Short-read sequence alignment

The Sequence Read Archive (SRA) is a international public archival of raw short read sequencing data from the next generation of sequencing platforms, established under the guidance of the International Nucleotide Sequence Database Collaboration (INSDC). More information about the metadata data storage model from SRA is available on the EBI website.

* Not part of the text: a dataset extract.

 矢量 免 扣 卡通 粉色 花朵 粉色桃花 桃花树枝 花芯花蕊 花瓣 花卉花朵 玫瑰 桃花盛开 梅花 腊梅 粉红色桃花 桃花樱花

Use of SRA in Ensembl Genomes

In Ensembl Genome, expression data under various studies are mapped to the genome and the BAM format files thus obtained are configured to displayed in the genome browser. Re-sequencing data from the SRA are used for SNP calling and displayed as variation data in Ensembl Genomes.

Generation of alignments

The reads from the SRA are downloaded from the European Nucleotide Archive (ENA) in fastq format and mapped to the genome using GSNAP or Burrow Wheeler Aligner(BWA). The mapped information is stored in Sequence Alignment Map (SAM) format. SAMtools are used to convert it into Binary format (BAM).

SNP Calling

BAM files obtained from mapping the resequenced data using the above method are also used for SNP calling. SAMtools uses mapped data to call the sequence variants, which are stored in a Variant Call Format (VCF). VCF is then imported into an Ensembl Variation database.

Re-submission to ENA

The BAM and VCF files obtained using the above method are then resubmitted to the European Nucleotide Archive as as 'Analysis' object with reference to the original Study and the Assembly version of the genome it is mapped to.

Data Visualisation

The variation data obtained from mapping SRA data can be visualized using the Ensembl Variation Browser and API . The expression data mapped in BAM format can be visualised in the Ensembl Genome browser as customised tracks.